Friday, October 10, 2014

A Minor Musing About Protest Votes

PNR recently put up a thoughtful post about voting for a candidate as opposed to voting against a candidate. If I am reading him correctly, the following sentences express his thesis.
Regardless, when you go into the voting booth, you don't get to vote against a candidate.  You can vote against ballot initiatives, amendments, etc., but not a candidate.  You have to either vote for or abstain.
PNR is writing about the Howie/Pressler/Rounds/Wieland Senate race. In that particular race, if reliable polls continue to show Rounds at 35% or lower, he is correct. Placing a check in the oval next to Weiland's or Pressler's name may indeed be a vote for them because they have a chance to be elected.

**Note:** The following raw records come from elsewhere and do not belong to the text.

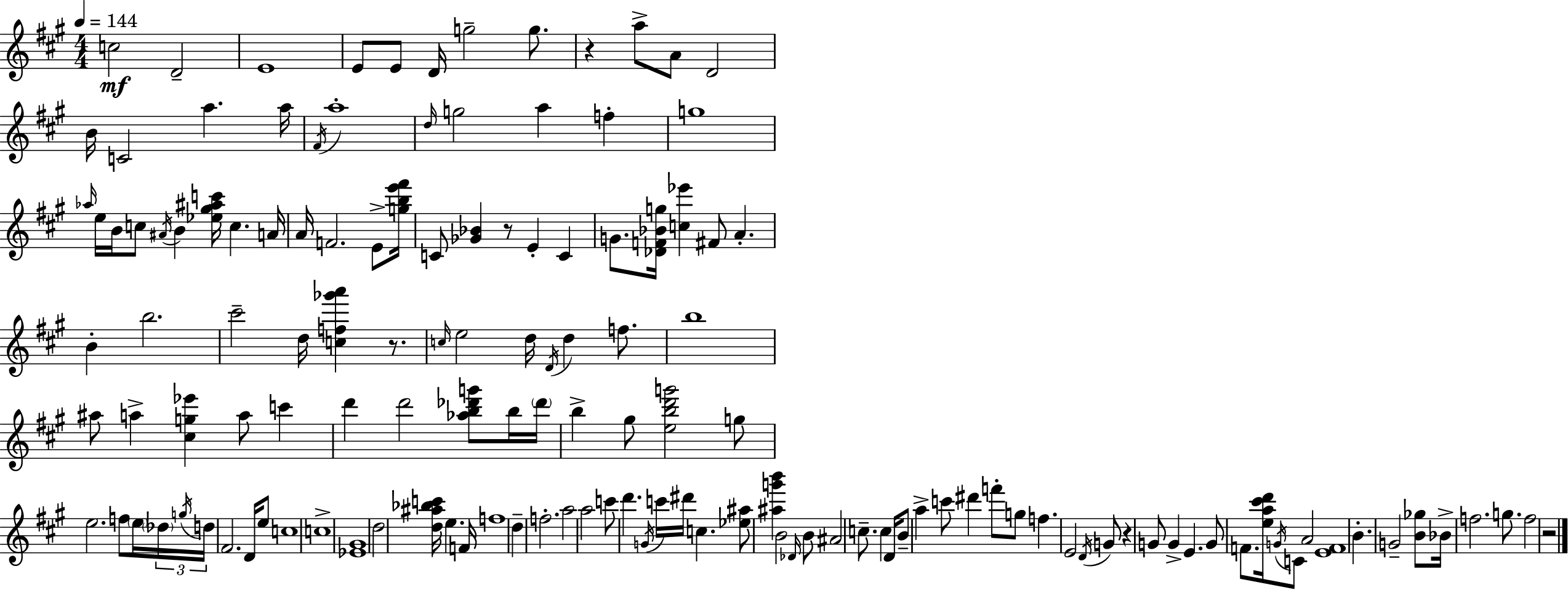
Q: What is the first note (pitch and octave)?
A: C5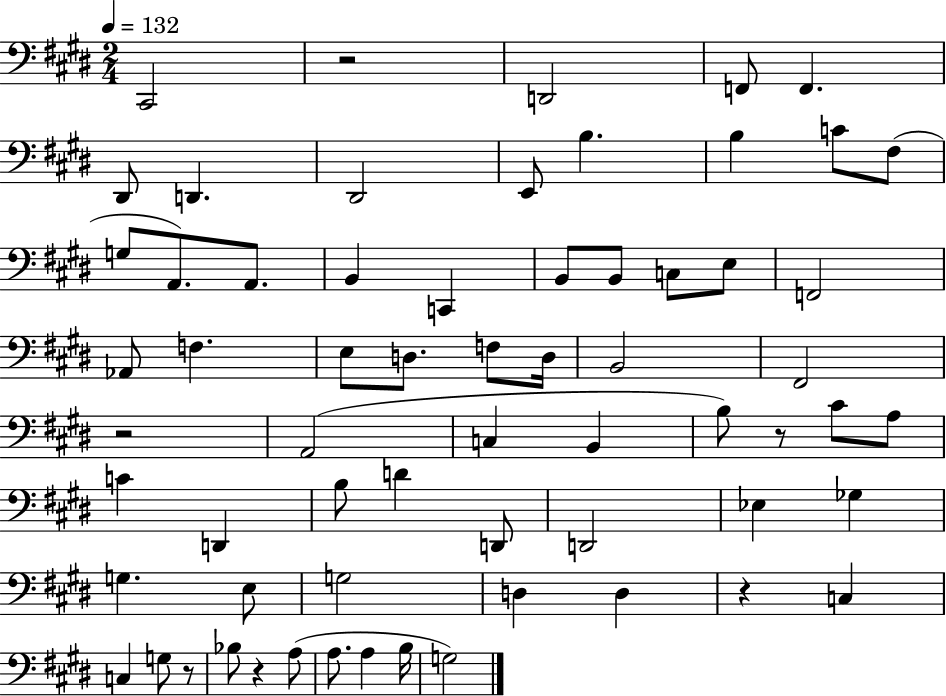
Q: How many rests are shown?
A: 6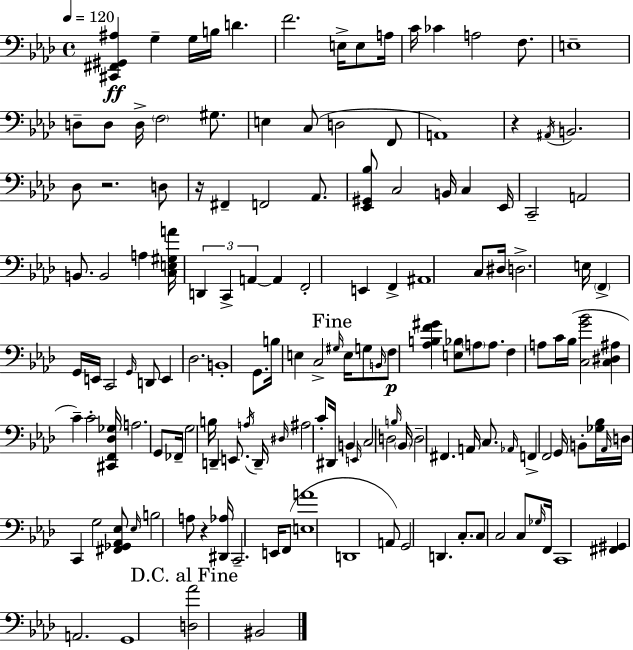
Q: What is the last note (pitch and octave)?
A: BIS2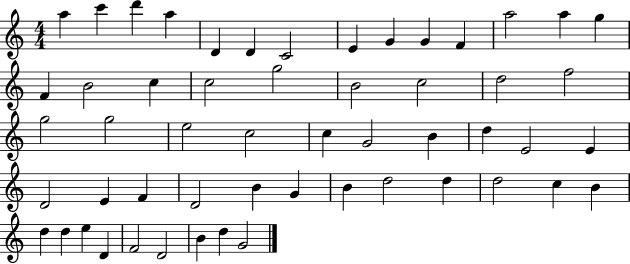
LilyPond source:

{
  \clef treble
  \numericTimeSignature
  \time 4/4
  \key c \major
  a''4 c'''4 d'''4 a''4 | d'4 d'4 c'2 | e'4 g'4 g'4 f'4 | a''2 a''4 g''4 | \break f'4 b'2 c''4 | c''2 g''2 | b'2 c''2 | d''2 f''2 | \break g''2 g''2 | e''2 c''2 | c''4 g'2 b'4 | d''4 e'2 e'4 | \break d'2 e'4 f'4 | d'2 b'4 g'4 | b'4 d''2 d''4 | d''2 c''4 b'4 | \break d''4 d''4 e''4 d'4 | f'2 d'2 | b'4 d''4 g'2 | \bar "|."
}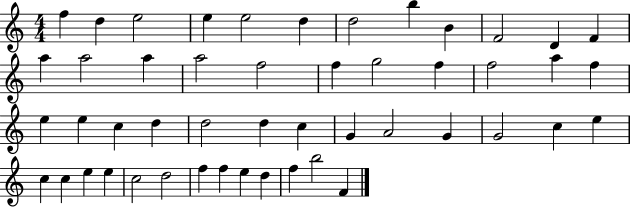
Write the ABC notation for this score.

X:1
T:Untitled
M:4/4
L:1/4
K:C
f d e2 e e2 d d2 b B F2 D F a a2 a a2 f2 f g2 f f2 a f e e c d d2 d c G A2 G G2 c e c c e e c2 d2 f f e d f b2 F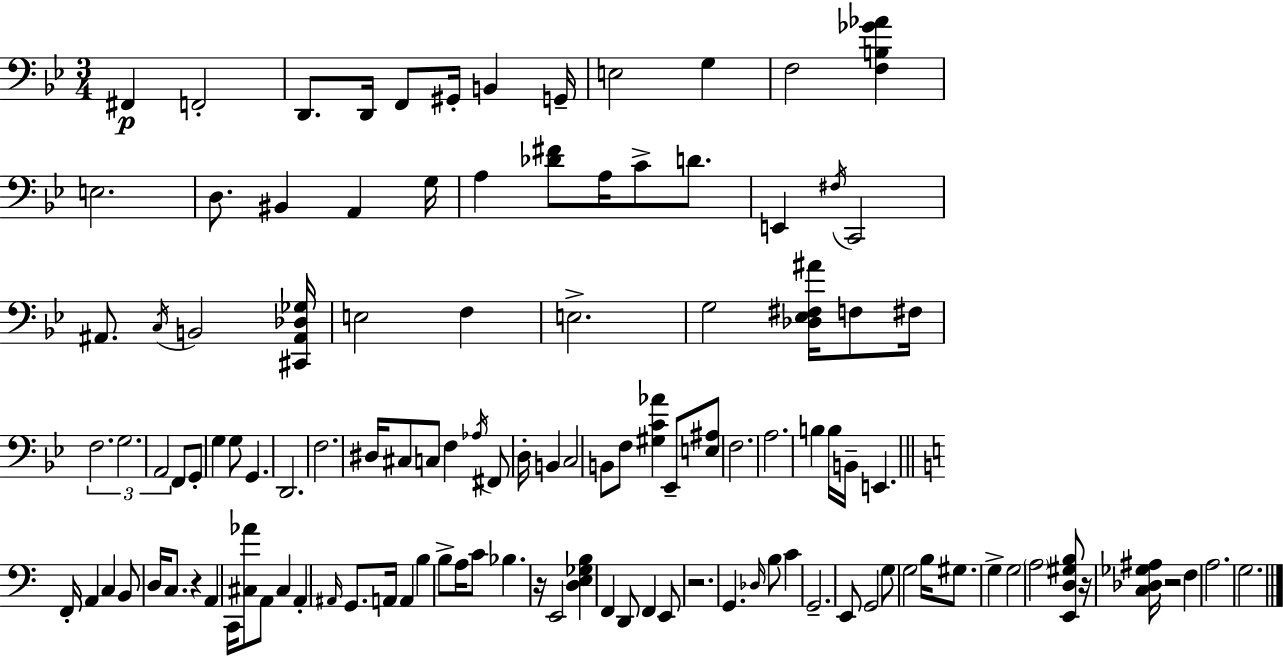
{
  \clef bass
  \numericTimeSignature
  \time 3/4
  \key bes \major
  fis,4\p f,2-. | d,8. d,16 f,8 gis,16-. b,4 g,16-- | e2 g4 | f2 <f b ges' aes'>4 | \break e2. | d8. bis,4 a,4 g16 | a4 <des' fis'>8 a16 c'8-> d'8. | e,4 \acciaccatura { fis16 } c,2 | \break ais,8. \acciaccatura { c16 } b,2 | <cis, ais, des ges>16 e2 f4 | e2.-> | g2 <des ees fis ais'>16 f8 | \break fis16 \tuplet 3/2 { f2. | g2. | a,2 } f,8 | g,8-. g4 g8 g,4. | \break d,2. | f2. | dis16 cis8 c8 f4 \acciaccatura { aes16 } | fis,8 d16-. b,4 c2 | \break b,8 f8 <gis c' aes'>4 ees,8-- | <e ais>8 f2. | a2. | b4 b16 b,16-- e,4. | \break \bar "||" \break \key c \major f,16-. a,4 c4 b,8 d16 | c8. r4 a,4 c,16 | <cis aes'>8 a,8 cis4 a,4-. | \grace { ais,16 } g,8. a,16 a,4 b4 | \break b8-> a16 c'8 bes4. | r16 e,2 <d e ges b>4 | f,4 d,8 f,4 e,8 | r2. | \break g,4. \grace { des16 } b8 c'4 | g,2.-- | e,8 g,2 | g8 g2 b16 gis8. | \break g4-> g2 | \parenthesize a2 <e, d gis b>8 | r16 <c des ges ais>16 r2 f4 | a2. | \break g2. | \bar "|."
}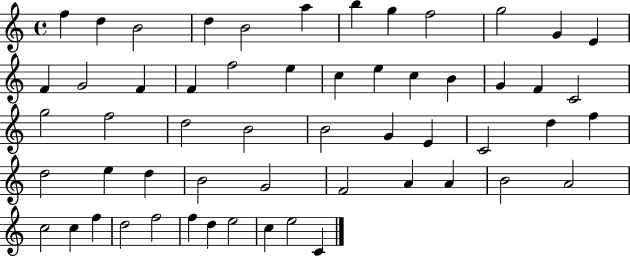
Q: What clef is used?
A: treble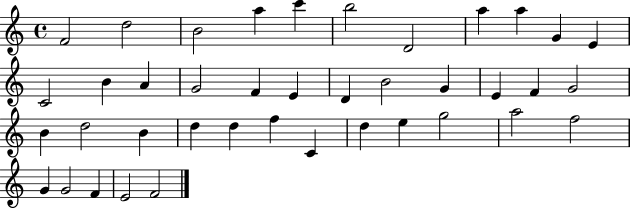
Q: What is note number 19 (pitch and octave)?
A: B4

The rest of South Dakota's statewide races, however, are not competitive. In those races, marking the oval for someone other than Daugaard, Noem, Jackley. Krebs et al. can indeed be a protest vote. I fully intend to darken the oval by Emmett Reistroffer's name for no other reason than South Dakota third parties need support. Krebs is going to win that race easily, and all votes for someone other than Krebs are protest votes of one sort or another. Nearly every South Dakotan voting for someone other than a Republican is fully cognizant of that fact.

The ovals I will darken for someone other than Daugaard or Noem are just that, a vote indicating I don't believe those people will adequately provide South Dakota the service it needs. The vast majority of South Dakotans have made it clear that an "R" next to a name is all that is necessary to earn a vote.

If one is in a purple state or a competitive district in South Dakota, dissatisfied voters need to vote for the lesser of the the two evils. If one's electoral geography ensures that the winner is determined long before election day, one can vote against the evil of two lessers without indicating and indicate only opposition not support.